Alix II de Dreux[1], dame de Braine, naît en 1156 et meurt après 1217. Elle est la fille de Robert Ier, comte de Dreux et de sa seconde épouse Agnès de Baudement.

Alix II de Dreux est considérée avec Blanche de Castille comme une des grandes régentes du début du XIIIe siècle. Elle représente un des plus anciens cas de régence, montrant une majoration du rôle politique des femmes dans le dernier quart du XIIe siècle.

Origines

Alix est la fille de Robert Ier de Dreux, comte de Dreux, petit-fils du roi Philippe. Sa mère est Agnès de Baudement, comtesse de Braine et seconde épouse de Robert Ier de Dreux. Son frère est Robert II, comte de Dreux et de Braine, qui épouse Yolande de Coucy, fille aînée de Raoul et d'Agnès de Hainaut, sa première épouse[2].

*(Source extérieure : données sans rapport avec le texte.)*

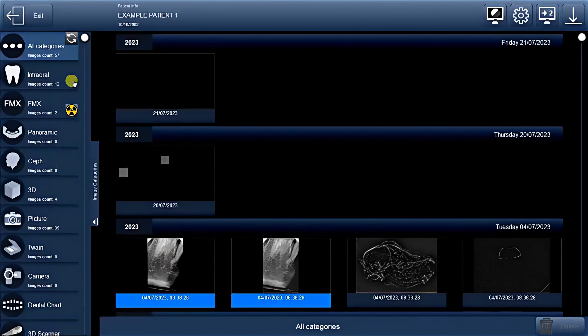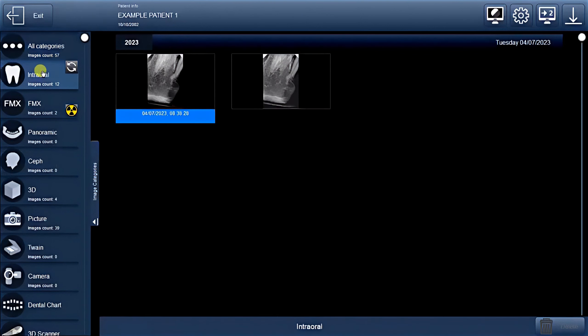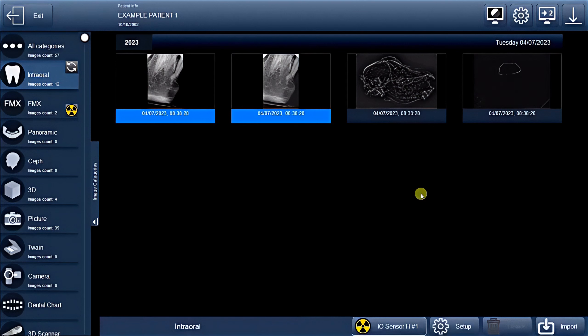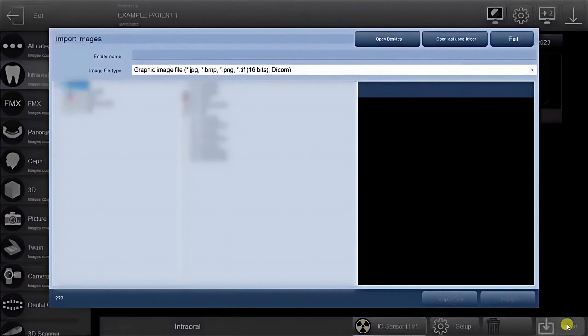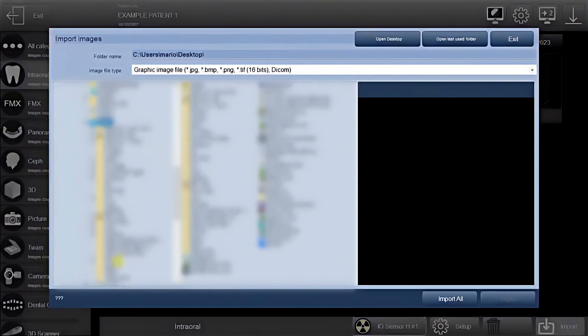To begin, head over to the intra-oral function. In the lower right corner, you'll find the Import button. By clicking on it, a new window will open, displaying all your folders and documents.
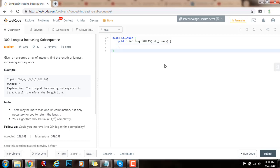Hello everybody, it's Amel, and today I'm going to teach you how to solve the longest increasing subsequence problem. Given an unsorted array of integers, find the length of the longest increasing subsequence.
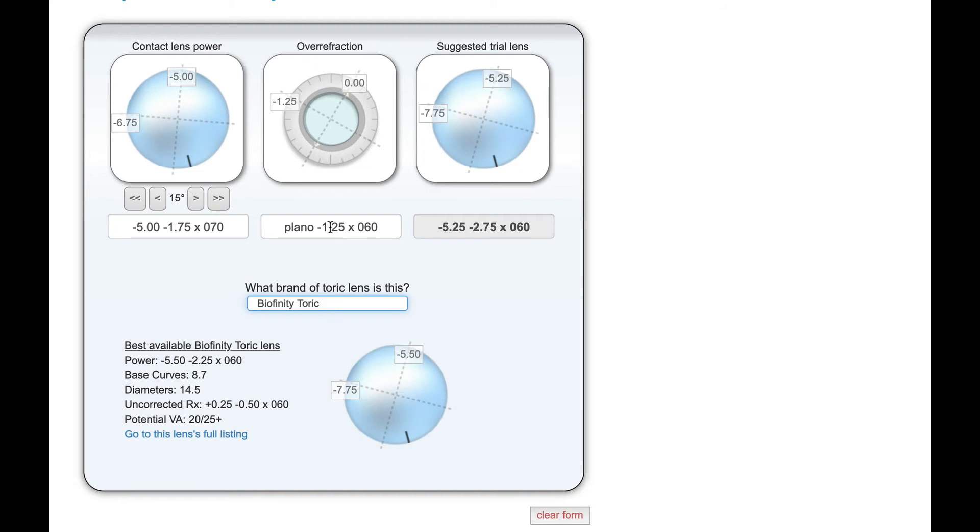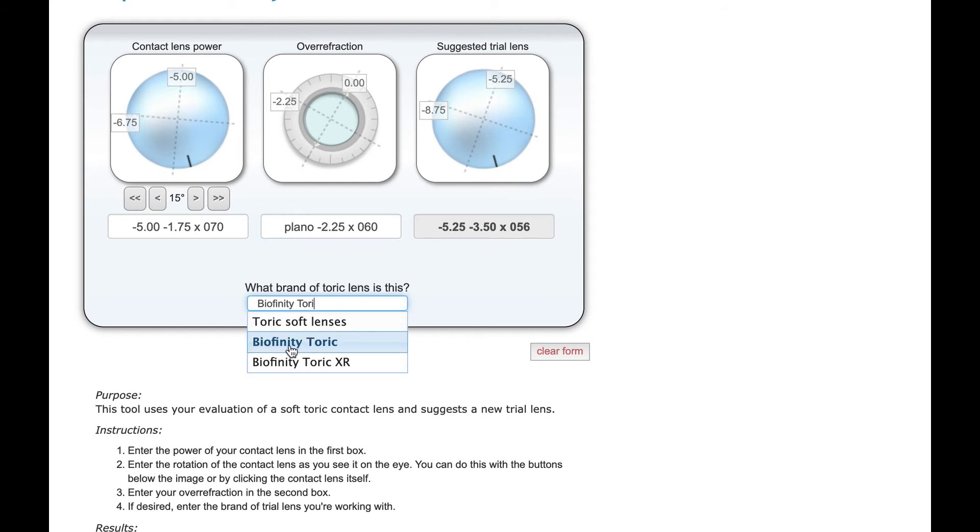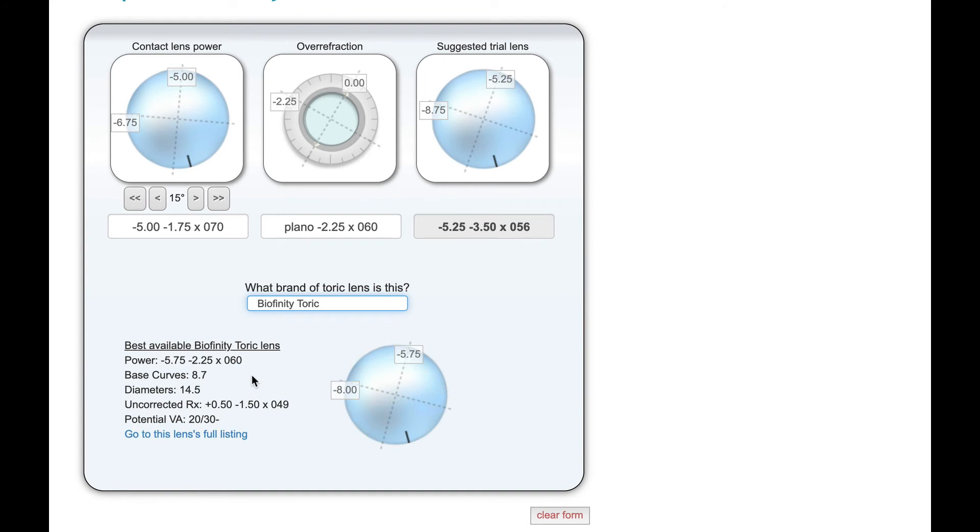If we take that to a bigger extreme, let's just say our refraction came up with two and a quarter. Well, then we're starting to under-correct the cyl by quite a bit more. And it's saying that we'd probably get worse than 20/30 vision. And this gives us a chance to make a decision and say, you know what, this might be just unacceptable for my patient and I might just need to choose a different brand.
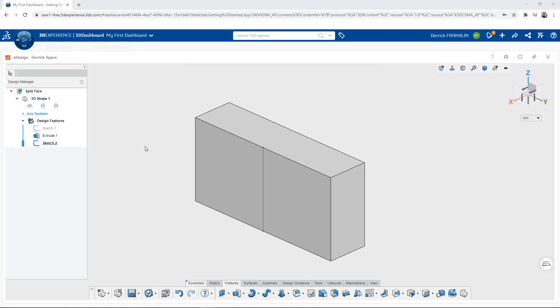You can split a body or face into multiple parts using an intersecting solid, face, plane, surface blind, or projected sketch. We'll start this video by using the split command to split a body. So let's get started.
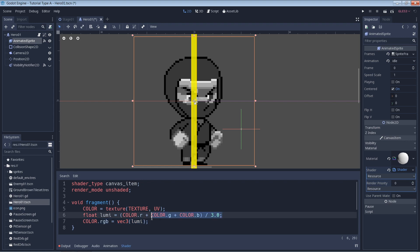The method that we use up here, this averaging method for calculating the grayscale values works, but it might not be the most accurate. This is because given a pure red, green, and blue color at max saturation, our eyes will perceive the green color to be the brightest. The red will follow and the blue will be last. This being the case, what we should be doing is giving a higher weight to the green values than we do to the red and blue ones.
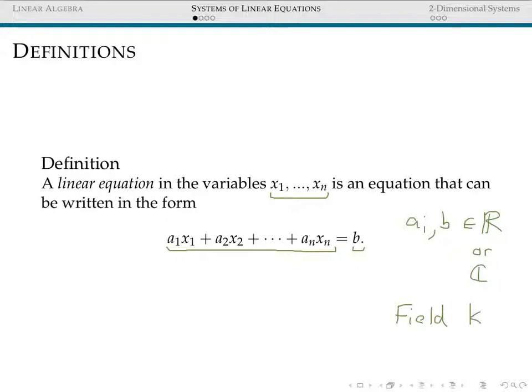Instead of writing x1 through xn, if we're dealing with two-dimensional space we'll often use x and y, or x, y, and z for three dimensions. If you're given an equation already in this form, it's easy to recognize a linear equation. But you may be presented with equations that are not-so-secretly linear and require rearrangement. On the next slide, we'll look at several examples of linear equations recognizable after careful rearrangement, and two equations that are not linear.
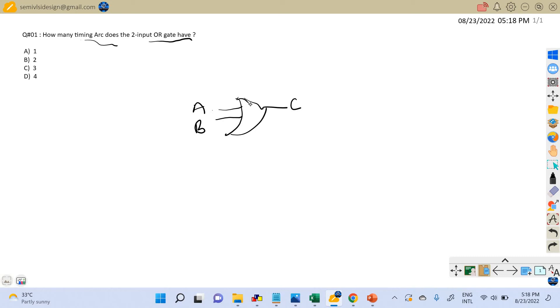As per the definition of a timing arc, the timing arcs for a particular cell are defined from each of its inputs to each of its outputs. So here there are two inputs, A and B, and there is one output, C.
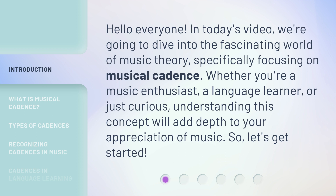Whether you're a music enthusiast, a language learner, or just curious, understanding this concept will add depth to your appreciation of music. Let's get started.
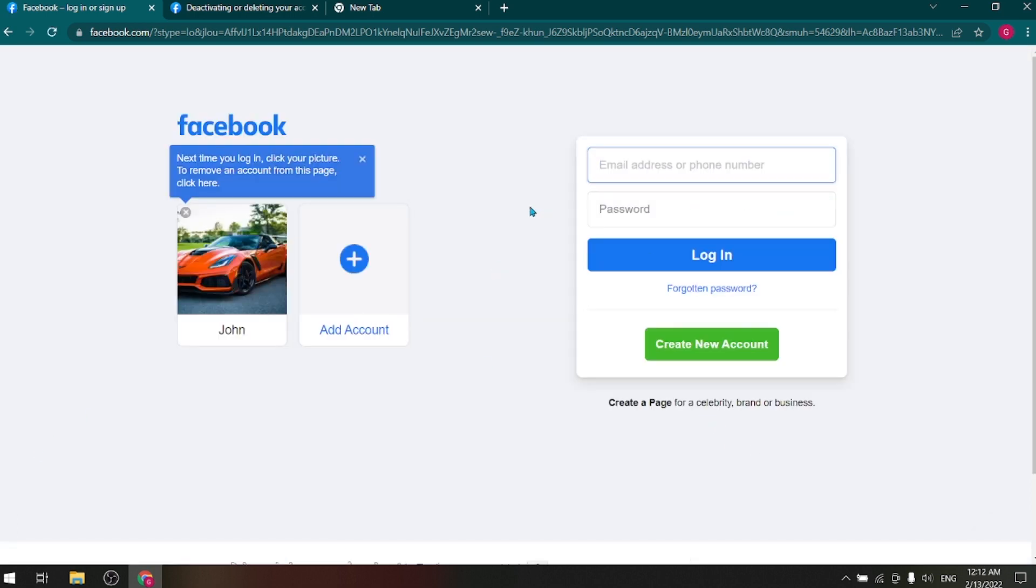So in this way your Facebook account has been deactivated. You can reactivate your account anytime.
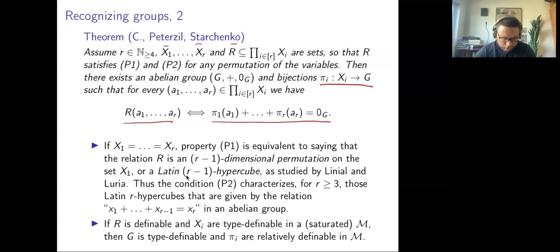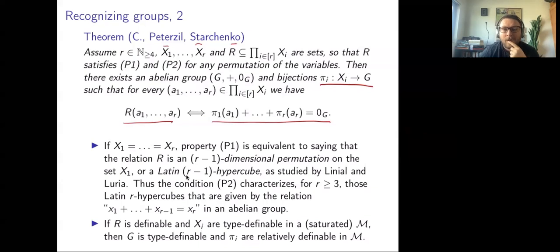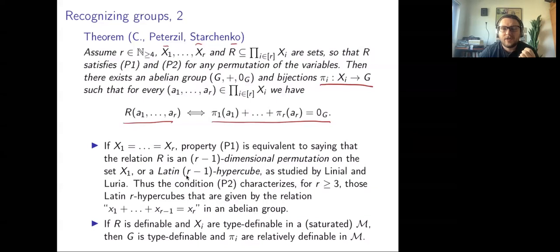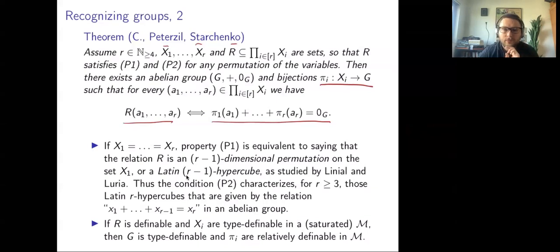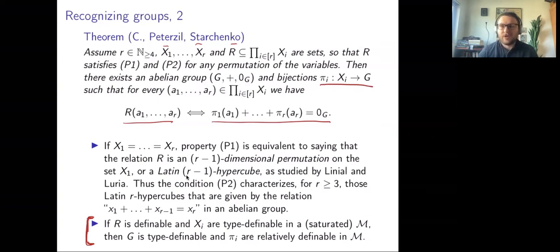After the fact, we noticed a connection to an existing notion: property P1, when all sets Xᵢ are the same, turns out to be equivalent to being an r−1 dimensional permutation, or a Latin r-hypercube—a notion studied by Linial and Luria. Our condition P2 then characterizes those Latin r-hypercubes that come from addition in an abelian group. If the initial data is type-definable somewhere, the results are also definable in the same structure.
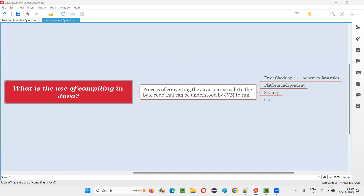Hello all. Welcome to this session. In this session, I am going to answer one of the Java interview questions. That is, what is the use of compiling in Java? Let me answer this question.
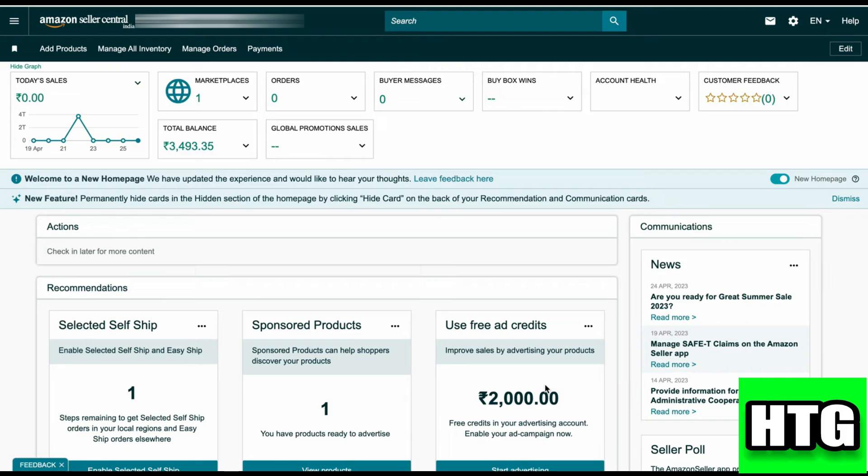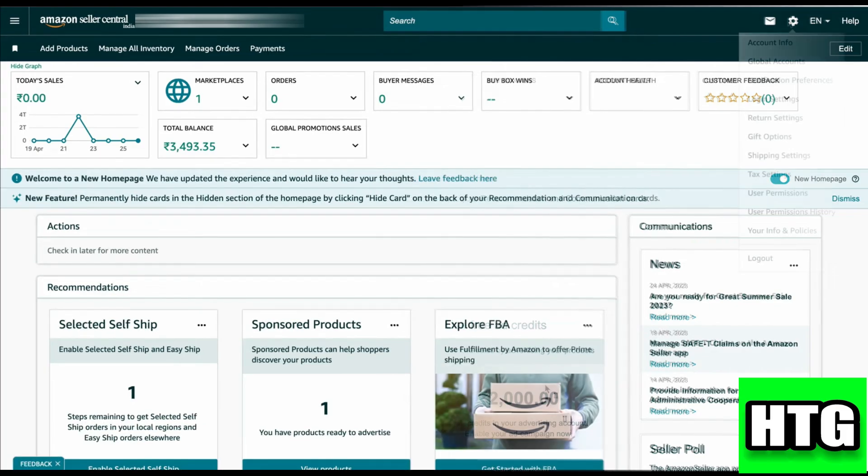You have to click on the gear icon which is at the top right corner of your screen. Then you have to click on Account Info.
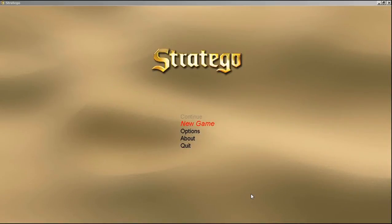Hello, this is a Stratego game that I made for the second semester final in AP Computer Science class. It was made in Java, and it's Stratego, which is like a board game.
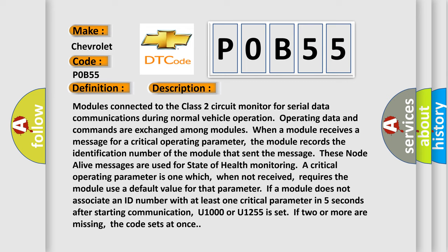for state of health monitoring. A critical operating parameter is one which, when not received, requires the module use a default value for that parameter. If a module does not associate an ID number with at least one critical parameter in five seconds after starting communication, U1000 or U1255 is set. If two or more are missing, the code sets at once.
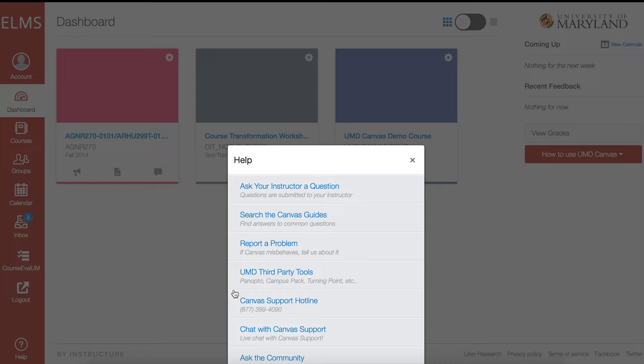The help button will still provide easy access to assistance from Instructure as well as Canvas guides in the Canvas community.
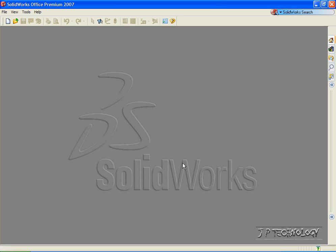This is tutorial number 52, and it covers AVI animation within SolidWorks. In this tutorial, I'm going to show you how to create an animation of an exploded view being assembled.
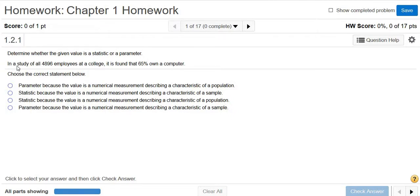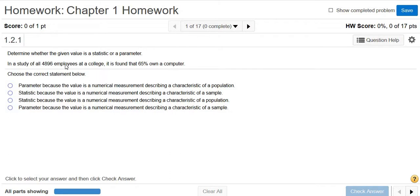So let's read the question. In a study of all 4,896 employees at a college, it is found that 65% own a computer. The key word here is 'all' — it's talking about all of the employees at a college. So we're thinking of the population as all of the employees in the college, and this 65% tells you something about all of the employees, meaning it tells you something about the population.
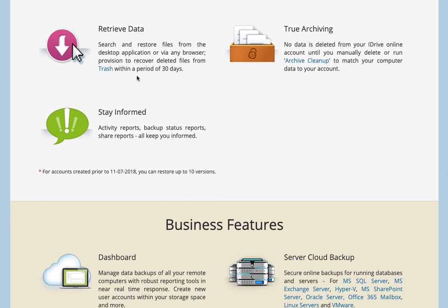You can retrieve data through either their software. You can install their iDrive software on your computer and restore and do searching from there, or really from any browser. Even if your computer gets wiped out and you don't have another one that you can use, you could go to a friend's house or borrow someone's device, go into any browser, log into your iDrive account there and get access to your files.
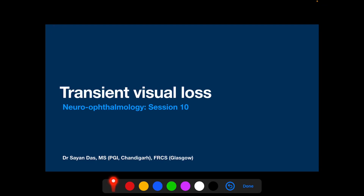In today's session we will be discussing transient visual loss, or TVL. TVL is a short-lasting episode of visual loss following which the vision comes back to the pre-episode level. TVL is not an uncommon presentation in the clinic, and certain causes of TVL deserve urgent medical evaluation because they may predict significant morbidity.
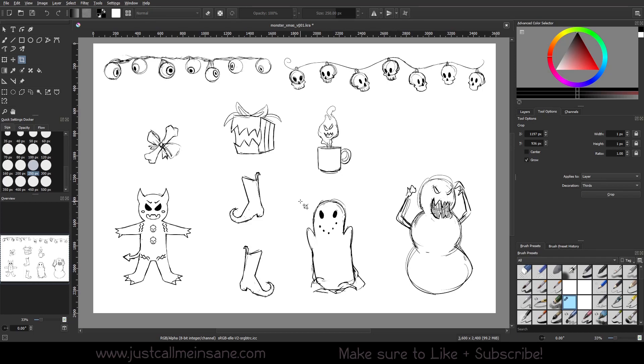Hey everybody, welcome back to another video. Today we're going to go over the crop tool and how to use it in your work in Krita.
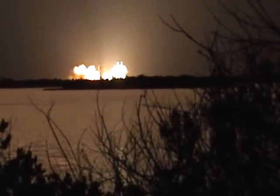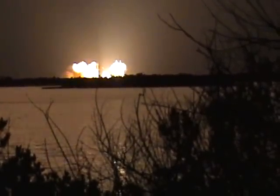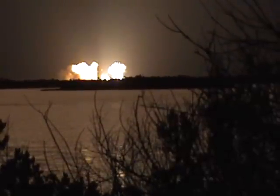Liftoff of the United Launch Alliance Delta IV Heavy rocket carrying the NRL-32 mission for the National Reconnaissance Office.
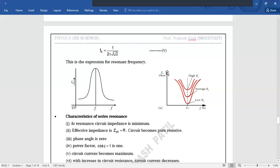Iska ulta: impedance versus frequency ka graph. Impedance minimum kab rahega? Jab sirf resistance hai circuit mein — toh yeh x-axis ko touch karega ideally. Lekin jaise circuit ka resistance badhta jaata hai — jaise transistor jo use karte hain, with time due to moisture in tropical regions, ya soldering ya carbon deposition ki wajah se — resistance badhega, impedance badhta hai, current passing through the circuit goes on decreasing, aur jo hum log sunte hain usmein distortions sunai dete hain.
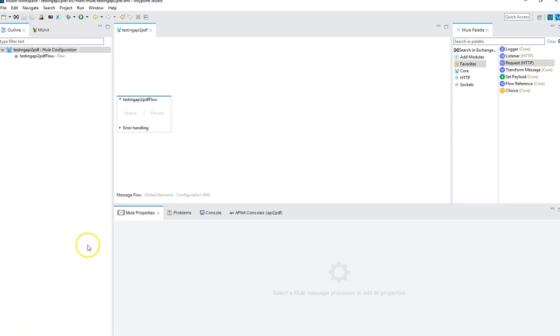Hello, my name is Zach Schwartz, and in this video we are going to cover generating a PDF in MuleSoft with the help of a REST API called apitopdf.com.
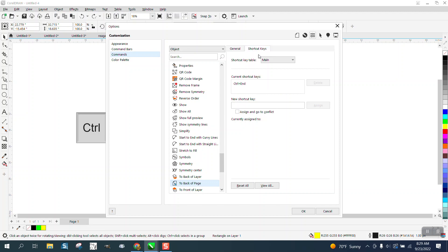but if I go to the shortcut tab and hit the escape key and then assign it, so now I've got two hot keys for that.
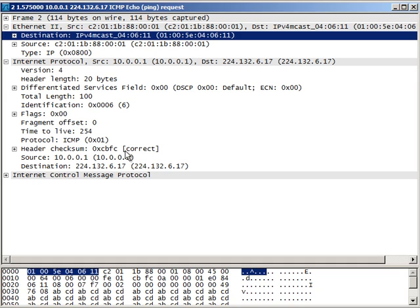So converting from the IP layer 3 address from multicast to a layer 2 address is really simple. It always begins the layer 2 address with 01:00:5E. And then you simply take the last 23 bits of the IP address, convert it to hex, and that's the back half of the MAC address. Simple as that. Thanks for watching, everybody.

Alix est la nièce du roi Louis le Jeune. Elle est la demi-soeur d'Alix de Dreux (1145-1210 env.), fille de Robert Ier de Dreux et de Harvise d'Évreux et la tante d'Alix de Dreux (fille de Robert II) et de Yolande de Coucy (1189-1258 env.) avec lesquelles elle ne doit pas être confondue.

Mariage et descendance

Elle épouse vers 1174 Raoul, seigneur de Coucy, un parent au 4e degré, dont elle devient la seconde épouse après un veuvage de celui-ci. De leur union naissent cinq enfants [3] :

  1. Enguerrand III de Coucy, seigneur de Coucy, de Marle, de la Fère et de Crépy, par mariage comte régent de Roucy en 1202 et du Perche en 1205 ;
  2. Thomas de Coucy, seigneur de Vervins ;
  3. Robert de Coucy, seigneur de Pinon ;
  4. Raoul de Coucy, ecclésiastique ;
  5. Agnès de Coucy, épouse de Gilles Ier de Beaumetz, châtelain de Bapaume. Elle épousa en secondes noces Robert de Wavrin[4], seigneur de Lillers et sénéchal de Flandre,

Alix donne son consentement à Raoul, en présence de Raoul Clerc, le neveu de celui-ci, de Marguerite, sa nièce et épouse de Jobert, seigneur de la Ferté-Bélard, de Raoul de Houssel, d'Albéric de Boomont, d'Arnoul de Monceaux et d'autres témoins, pour accorder à l'abbaye du Mont-Saint-Martin, dans le diocèse de Cambrai, l'exemption du droit de vinage pour huit chariots de vin annuellement, par lettres expédiées à Coucy en 1187. Raoul confie également la moitié de sa chaussée de Crécy à Robert de L'Acre pour l'entretien, à condition que celui-ci perçoive un denier de la monnaie utilisée pour les vinages sur chaque chariot et charrette fermés, et un denier de la monnaie commune ayant cours dans la région pour les véhicules non fermés. En 1188, Alix donne son accord à Raoul pour concéder aux religieux de l'abbaye de Thenailles huit muids de froment de rente à la mesure de Marle, don effectué par Robert, chevalier et seigneur d'Emblaincourt. Raoul leur attribue également une terre appelée la Haye de Blaincourt, à condition que, une fois défrichée et cultivée, lui et ses successeurs reçoivent la moitié des fruits produits. Ces dispositions sont consignées dans des lettres délivrées par Pierre, son chancelier, en 1189[2].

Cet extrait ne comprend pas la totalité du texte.